Below is a listing; write it out exactly and drop any images from it.

## Data for this task
= = =
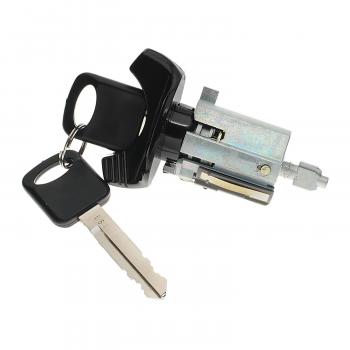 BWD CS477L Ignition Lock Cylinder product image 2 of 9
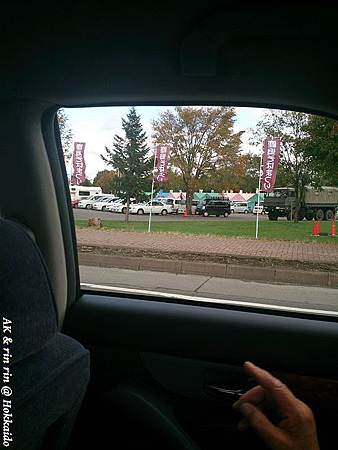 nEO_IMG_DSC_0123.jpg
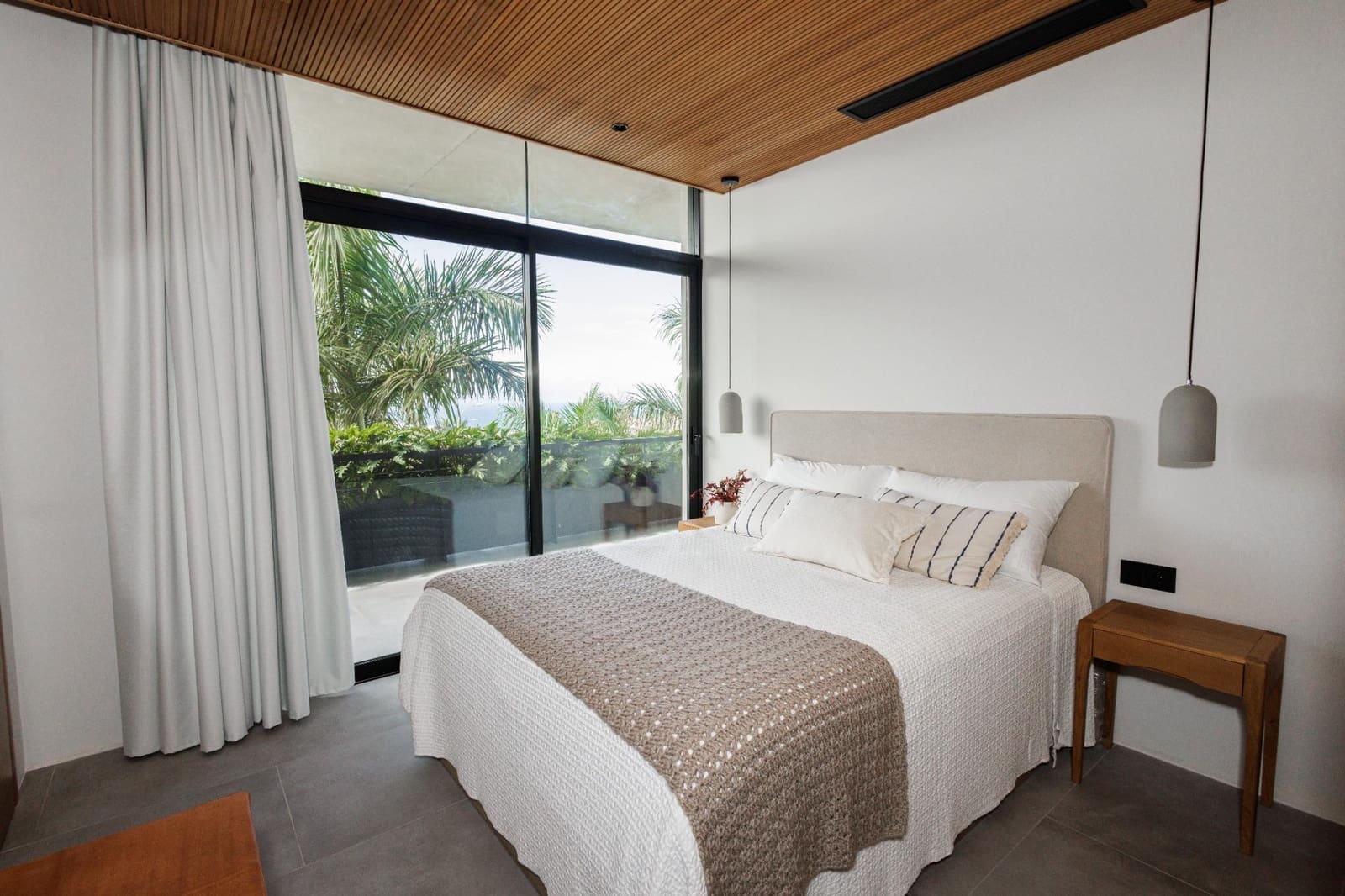 4 Zimmer Villa zu verkaufen in Playa Paraiso mit Pool Garage - 5.500.000 € (Ref: 8488851)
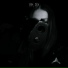[31-35hz] Nik $ix (Bass Attack)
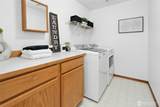 5808 135th Place - Photo 17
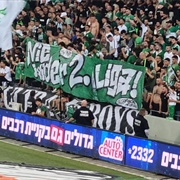 Ultrasboys Bremen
= = =
## Reply to the task
 BWD CS477L Ignition Lock Cylinder product image 2 of 9
 nEO_IMG_DSC_0123.jpg
 4 Zimmer Villa zu verkaufen in Playa Paraiso mit Pool Garage - 5.500.000 € (Ref: 8488851)
[31-35hz] Nik $ix (Bass Attack)
 5808 135th Place - Photo 17
 Ultrasboys Bremen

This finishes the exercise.